Annoying and challenging Russian President Vladimir Putin has always been a dangerous game, often ending in flight from a higher floor or “inconspicuous” suicide in a dacha, writes Politico.
Since the beginning of the war in Ukraine, a number of well-known Russian personalities have died prematurely. At least seven Russian oligarchs have met a bad end, and officials have not been spared from premature death under peculiar circumstances. So it’s only a matter of time before the owner of the Wagner Group, Yevgeny Prigozhin, who likes to speak in profanities, could meet the bony one.

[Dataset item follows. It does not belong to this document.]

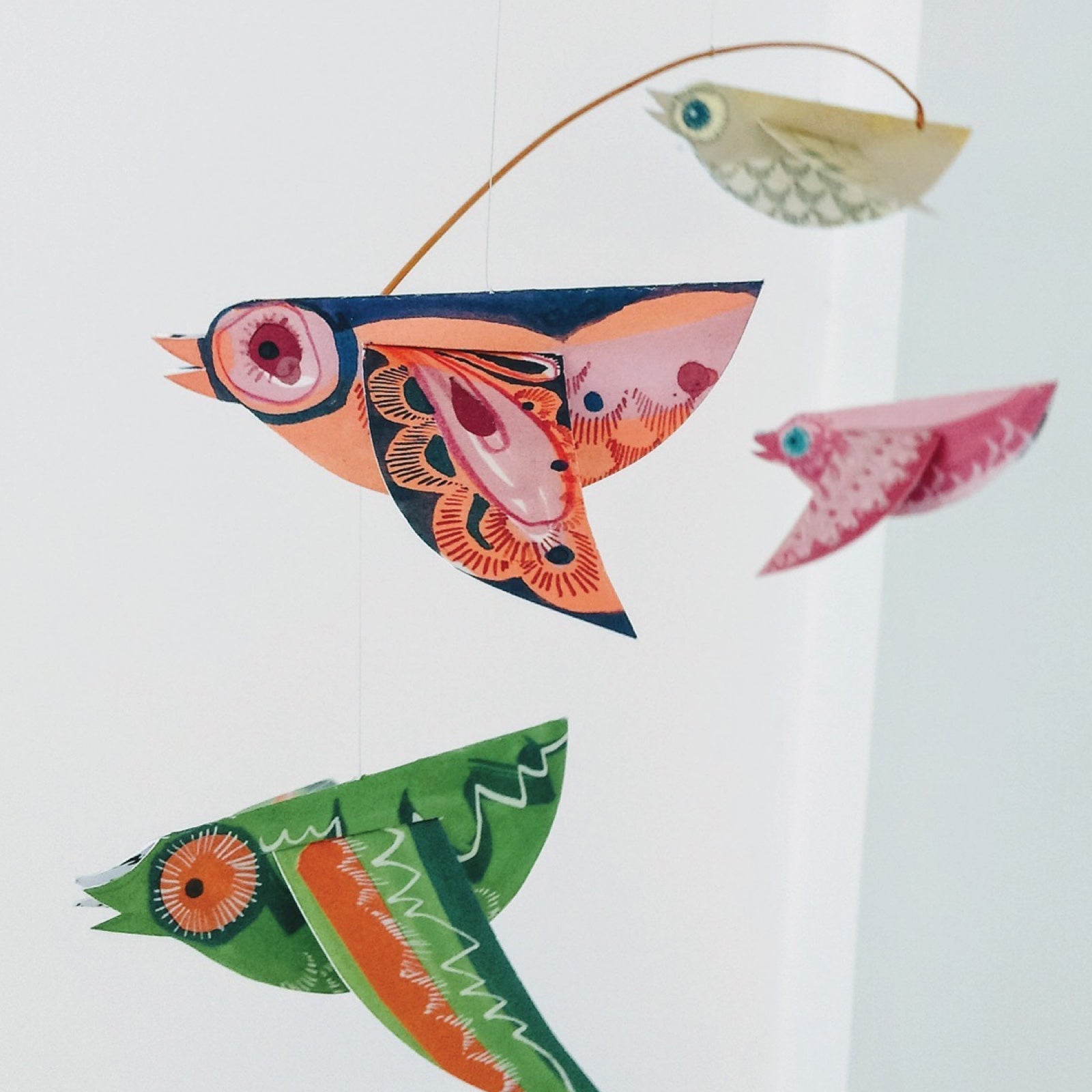 This beautiful paper birds mobile comes ready to hang, perfect for a nursery or any room with a little sunlight to create gorgeous shadows.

Prigozhin said that Putin is still convinced that the war will bring Russia a grand victory: “If he turns out to be right, God bless everyone.
But what should the country do … if it turns out that this grandfather is a complete asshole?”
Later, the owner of the Wagner group claimed that he did not mean Putin, but observers believe that such comments mark Prigozhin’s departure.
When Chechen leader Ramzan Kadyrov and Prigozhin added to each other’s complaints about Russia’s military leadership last year, Kremlin spokesman Dmitry Peskov told reporters that regional leaders had the right to express their opinions. Later, Peskov warned that Kadyrov and Prigozhin’s comments do not yet violate the law, but the line is very fine. Kadyrov seems to have taken the hint. However, Prigozhin did not miss any opportunity to quarrel with the army leadership.
Prizgozhin’s connection with the president is long-standing, long before Putin became the head of state.
The two became chums in the 1990s in St. Petersburg when Putin was a rising star in politics and worked as a top adviser to the city’s mayor, Anatoly Sobchak.
It is believed that the two were brought together by gambling – Putin was the chairman of the gambling supervision commission at the time Prigozhin wanted to open the first casinos in St. Petersburg.
Prigozhin benefited from generous government food procurement contracts. He, on the other hand, was interesting to the Kremlin for his contribution to the information war – the trolls of Prigozhin’s Internet Research Agency produced misinformation and tried to influence political and public processes both in the USA and in Europe and Africa.
Prigozhin’s
mercenary army has been used as a tool in Russia’s foreign policy, supplying fighters for dark operations
not only in Ukraine but also in Syria, Libya, the Central African Republic, Burkina Faso, Chada, Mali, Mauritania, and Niger.
Some Russian opposition leaders say Putin has been comfortable with calls from Prigozhin and other radical ultra-nationalists to get tougher because it makes Western leaders nervous.
Investigative journalists have noted that the Russian media have not yet stopped reporting news favorable to Wagner’s group. They believe Prigozhin still has support in Russian intelligence circles and say his repeated attacks on officials are too bold to have happened without Putin’s knowledge. Journalists believe that Putin has resorted to unorthodox techniques to rein in the generals, and Wagner’s group is instrumental in creating a military balance.